This package contains a Modern Fortran implementation of the Davidson diagonalization algorithms. Different schemas are available to compute the correction.

Available correction methods are:

• DPR: Diagonal-Preconditioned-Residue
• GJD: Generalized Jacobi Davidson

The Davidson method is suitable for diagonal-dominant symmetric matrices, that are quite common in certain scientific problems like electronic structure.
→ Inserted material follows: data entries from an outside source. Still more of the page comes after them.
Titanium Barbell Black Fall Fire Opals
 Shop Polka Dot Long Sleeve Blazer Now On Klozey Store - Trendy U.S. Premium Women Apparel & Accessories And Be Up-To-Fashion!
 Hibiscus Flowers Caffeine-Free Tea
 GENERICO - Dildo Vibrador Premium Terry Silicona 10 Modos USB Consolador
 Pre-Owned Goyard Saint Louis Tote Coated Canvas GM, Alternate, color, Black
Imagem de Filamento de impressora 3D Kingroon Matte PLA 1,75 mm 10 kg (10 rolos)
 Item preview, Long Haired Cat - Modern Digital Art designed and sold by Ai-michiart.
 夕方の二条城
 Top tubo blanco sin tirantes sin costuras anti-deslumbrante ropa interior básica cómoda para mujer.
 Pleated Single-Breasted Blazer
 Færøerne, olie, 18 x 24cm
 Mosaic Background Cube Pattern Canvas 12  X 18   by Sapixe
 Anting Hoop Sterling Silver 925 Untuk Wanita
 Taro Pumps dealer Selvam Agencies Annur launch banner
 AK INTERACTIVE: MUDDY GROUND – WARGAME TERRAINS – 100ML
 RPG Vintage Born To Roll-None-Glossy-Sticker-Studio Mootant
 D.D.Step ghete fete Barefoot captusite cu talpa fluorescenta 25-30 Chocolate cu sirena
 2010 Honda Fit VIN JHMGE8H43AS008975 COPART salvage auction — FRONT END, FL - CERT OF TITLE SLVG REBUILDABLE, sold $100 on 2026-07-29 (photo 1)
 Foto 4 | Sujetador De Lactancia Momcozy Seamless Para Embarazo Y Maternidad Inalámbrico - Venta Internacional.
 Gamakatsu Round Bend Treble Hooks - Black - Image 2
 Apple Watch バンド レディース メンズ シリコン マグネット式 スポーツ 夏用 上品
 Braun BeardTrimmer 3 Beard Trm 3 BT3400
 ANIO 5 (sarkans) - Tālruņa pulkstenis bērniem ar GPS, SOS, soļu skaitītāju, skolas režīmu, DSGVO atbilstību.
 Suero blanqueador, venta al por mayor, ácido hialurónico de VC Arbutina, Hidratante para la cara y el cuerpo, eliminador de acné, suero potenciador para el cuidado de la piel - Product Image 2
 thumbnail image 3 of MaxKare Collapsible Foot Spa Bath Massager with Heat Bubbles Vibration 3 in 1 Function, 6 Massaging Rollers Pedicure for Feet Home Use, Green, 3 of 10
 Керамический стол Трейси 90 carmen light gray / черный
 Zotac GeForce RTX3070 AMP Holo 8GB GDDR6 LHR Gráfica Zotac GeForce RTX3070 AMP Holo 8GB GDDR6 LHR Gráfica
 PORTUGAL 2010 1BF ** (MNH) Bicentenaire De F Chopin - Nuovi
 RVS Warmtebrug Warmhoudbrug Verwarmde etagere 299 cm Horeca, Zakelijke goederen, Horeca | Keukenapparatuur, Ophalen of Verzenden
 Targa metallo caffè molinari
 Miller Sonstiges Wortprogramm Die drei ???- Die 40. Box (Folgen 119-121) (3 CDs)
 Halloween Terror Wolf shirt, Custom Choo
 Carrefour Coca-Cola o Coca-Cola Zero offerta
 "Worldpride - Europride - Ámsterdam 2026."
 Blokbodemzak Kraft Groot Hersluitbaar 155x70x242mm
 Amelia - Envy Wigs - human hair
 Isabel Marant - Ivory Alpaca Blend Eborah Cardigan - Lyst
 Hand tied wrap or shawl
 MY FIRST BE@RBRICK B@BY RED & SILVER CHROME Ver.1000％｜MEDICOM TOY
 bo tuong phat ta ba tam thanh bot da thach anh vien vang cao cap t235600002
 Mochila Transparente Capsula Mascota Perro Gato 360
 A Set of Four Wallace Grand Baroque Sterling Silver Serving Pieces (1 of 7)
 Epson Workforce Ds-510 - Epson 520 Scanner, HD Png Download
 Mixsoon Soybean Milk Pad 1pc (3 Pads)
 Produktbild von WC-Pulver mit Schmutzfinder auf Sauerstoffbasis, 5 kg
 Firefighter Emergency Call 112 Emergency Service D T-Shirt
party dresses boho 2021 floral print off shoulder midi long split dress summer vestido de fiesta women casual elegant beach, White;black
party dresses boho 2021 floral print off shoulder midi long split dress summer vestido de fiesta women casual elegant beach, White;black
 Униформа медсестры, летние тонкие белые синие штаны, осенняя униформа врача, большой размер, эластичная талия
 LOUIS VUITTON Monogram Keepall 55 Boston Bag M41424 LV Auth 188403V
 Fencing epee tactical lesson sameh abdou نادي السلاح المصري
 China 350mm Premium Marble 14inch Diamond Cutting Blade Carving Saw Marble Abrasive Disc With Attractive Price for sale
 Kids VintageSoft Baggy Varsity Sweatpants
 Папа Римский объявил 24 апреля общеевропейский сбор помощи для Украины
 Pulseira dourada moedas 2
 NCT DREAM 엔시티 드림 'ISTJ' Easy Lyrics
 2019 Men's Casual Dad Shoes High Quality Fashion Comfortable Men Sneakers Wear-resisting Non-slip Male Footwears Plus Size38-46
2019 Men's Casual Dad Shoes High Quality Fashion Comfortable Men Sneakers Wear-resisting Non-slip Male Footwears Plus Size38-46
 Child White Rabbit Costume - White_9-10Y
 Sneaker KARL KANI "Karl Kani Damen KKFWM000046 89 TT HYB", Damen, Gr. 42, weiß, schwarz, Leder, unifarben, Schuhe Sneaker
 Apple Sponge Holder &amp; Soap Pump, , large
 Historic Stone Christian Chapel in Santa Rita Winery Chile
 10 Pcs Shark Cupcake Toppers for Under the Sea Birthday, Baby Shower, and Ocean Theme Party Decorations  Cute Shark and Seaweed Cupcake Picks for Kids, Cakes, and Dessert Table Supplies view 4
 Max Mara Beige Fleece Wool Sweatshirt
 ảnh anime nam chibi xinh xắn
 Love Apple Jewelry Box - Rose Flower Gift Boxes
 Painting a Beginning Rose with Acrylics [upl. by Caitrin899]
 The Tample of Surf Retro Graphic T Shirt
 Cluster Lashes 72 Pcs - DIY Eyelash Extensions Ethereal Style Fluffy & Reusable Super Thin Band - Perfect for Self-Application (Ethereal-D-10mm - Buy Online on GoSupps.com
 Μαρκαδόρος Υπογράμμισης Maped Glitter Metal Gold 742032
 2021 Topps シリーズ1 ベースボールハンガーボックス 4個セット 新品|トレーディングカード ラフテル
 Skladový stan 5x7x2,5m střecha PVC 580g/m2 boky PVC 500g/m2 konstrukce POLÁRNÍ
The Davidson method could be not practical for other kinds of symmetric matrices.

The following program call the eigensolver subroutine from the davidson module and computes the lowest 3 eigenvalues and corresponding eigenvectors, using the GJD method with a tolerance of 1e-8 and 100 maximum iteration.

program main
  use numeric_kinds, only: dp
  use davidson, only: generalized_eigensolver, generate_diagonal_dominant
 
  implicit none

  integer, parameter :: dim = 50
  integer, parameter :: lowest = 3
  real(dp), dimension(dim, dim) :: matrix, second_matrix
  real(dp), dimension(lowest) :: eigenvalues
  real(dp), dimension(dim, lowest) :: eigenvectors
  real(dp) :: tolerance
  integer:: max_dim_subspace, max_iterations, lowest

  matrix = generate_diagonal_dominant(dim, 1d-4)
  second_matrix = generate_diagonal_dominant(dim, 1d-4, 1.0_dp)
  max_iterations = 1000
  max_dim_subspace = 20
  tolerance = 1d-8
  call generalized_eigensolver(matrix, eigenvalues, eigenvectors, lowest, "GJD", max_iterations, &
       tolerance, final_iterations, max_dim_subspace, second_matrix)
  print *, eigenvalues
  print *, eigenvectors

end program main

The helper generate_diagonal_dominant function generates a diagonal dominant matrix with entries to the diagonal close to row number (i=1, number_of_rows) and random number of the order 1e-4 on the off-diagonal entries.

Variables:

• matrix (in) matrix to diagonalize
• eigenvalues (out) resulting eigenvalues
• eigenvectors (out) resulting eigenvectors
• lowest(in) number of eigenvalues to compute
• method(in) Either "DPR" or "GJD"
• max_iterations(in) maximum number of iterations
• tolerance(in) Numerical tolerance for convergence
• final_iterations(output) returns the number of iterations that were needed to converge
• max_dim_subspace(in, optional) Dimension of the subspace of search
• second_matrix(in, optional) Optional matrix to compute the generalized eigenvalue problem

• Davidson diagonalization method and its applications to electronic structure calculations
• Numerical Methods for Large Eigenvalue Problem

To compile execute:

cmake -H. -Bbuild && cmake --build build

To use another compiler (e.g. ifort):

cmake -H. -Bbuild -DCMAKE_Fortran_COMPILER=ifort && cmake --build build

To run the test:

cmake -H. -Bbuild -DENABLE_TEST=ON && cmake --build build
cd build && ctest -V

To Debug compile as:

cmake -H. -Bbuild  -DCMAKE_BUILD_TYPE=Debug && cmake --build build

This packages assumes that you have installed the following packages:

• A Fortran compiler >= version 6.0
• CMake
• Lapack

Optionally, If an MKL library is available the package will try to find it.